Ms Atkins said that she was “honoured to have been asked to serve” as health secretary during a “critical time” for the sector.
The Conservative MP for Louth and Horncastle added that she would look to “cut waiting lists and improve patient care” during what will be a “very challenging winter”.
Ms Atkins also said that she was “determined to drive forward discussions with striking unions”, and bring an end to the "ongoing" industrial action across the healthcare sector.
Track record with community pharmacy
Ms Atkins was elected to parliament in 2015, serving as the member for the Lincolnshire seat of Louth and Horncastle.
Also in 2016, she advocated remaining in the European Union (EU) ahead of the Brexit referendum.
In July 2022, Ms Atkins visited a local pharmacy, the Co-op Pharmacy in Louth. At the time, she said that she looked forward to working with her local pharmaceutical committee (LPC), Community Pharmacy Lincolnshire, to help it “continue the excellent service [it] provides” and ensure that pharmacies were “staffed adequately.”

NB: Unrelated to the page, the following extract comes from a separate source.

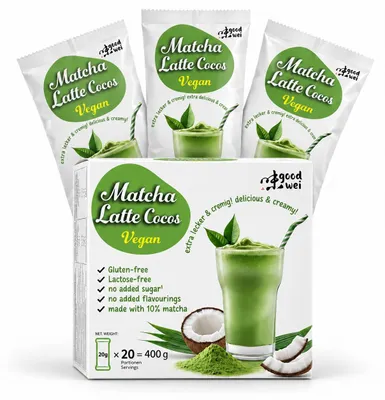 Zdjęcie produktu dla Matcha Cocos Latte 20 x 20 g – naturalna kremowość, egzotyczny smak i zero dodatku cukru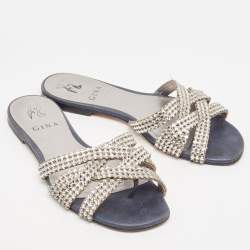 Pre Owned Gina Silver/Blue Crystal Embellished Leather Thong Flats Size 37.5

She joins the Department of Health (DH) from her role as financial secretary to the Treasury – a position she has held from October 2022. She follows in the footsteps of Mr Barclay, who also held a role as chief secretary to the Treasury prior to his appointment as health secretary.
Ms Atkins has held a number of ministerial roles in her political career, including minister for Afghan resettlement between September 2021 and July 2022. She was the Home Office undersecretary of state for crime, safeguarding and vulnerability between 2017 and 2021.

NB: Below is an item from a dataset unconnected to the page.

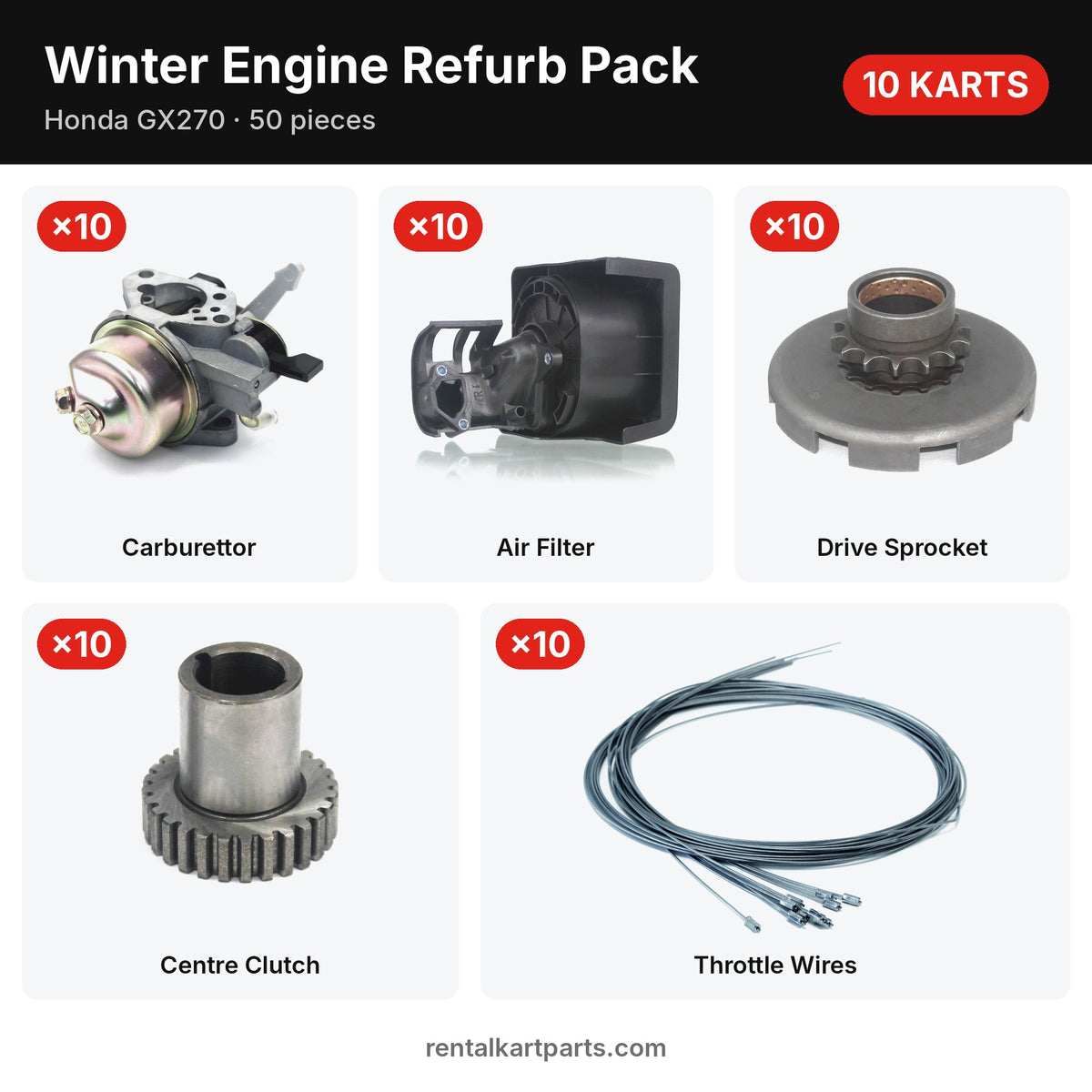 Winter Engine Refurb Pack – 10 karts – Honda GX270: carburettors, air filters, drive sprockets, centre clutches, throttle wires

In January 2021, C+D reported that Ms Atkins, as safeguarding minister, had hailed a pharmacy scheme that offered a “lifeline” for potential domestic abuse victims.
The “Ask for ANI” scheme saw a trained pharmacy worker offer a private space for potential domestic abuse victims, and was launched in all of Boots’ 2,300 branches and 255 independent pharmacies.
The Safe Spaces scheme now operates in all Boots, Morrisons, Superdrug and Well pharmacies and hundreds of independent pharmacies.
Ms Atkins is married to Paul Kenward, the chief executive of ABF Sugar, which – alongside other products – produces a “non-psychoactive variety of cannabis” that is “specially cultivated for medical purposes”. According to ABF Sugar’s website, this is the active ingredient in the cannabidiol Epidyolex/Epidiolex, which is used as a treatment for epilepsy in children.
The Home Office told the BBC in 2018 that ABF Sugar had been granted a licence for this purpose two years earlier. It followed accusations of “hypocrisy on a grand scale” levelled against Ms Atkins over her husband’s involvement with the company while she was drugs minister.
At the time, the Home Office noted that she had declared this link, as well as having “voluntarily excused herself from policy of decisions relating to cannabis, including licensing”.
Ms Atkins is an advocate for people living with type one diabetes. She was diagnosed with diabetes when she was three.
According to the biography on her website, Ms Atkins read law at Cambridge University, and practised as a criminal barrister, specialising in prosecuting serious organised crime.
In her spare time, she likes “running around after our son, Monty, building sandcastles on the beautiful Lincolnshire coastline and pulling our boots on to walk the Wolds”.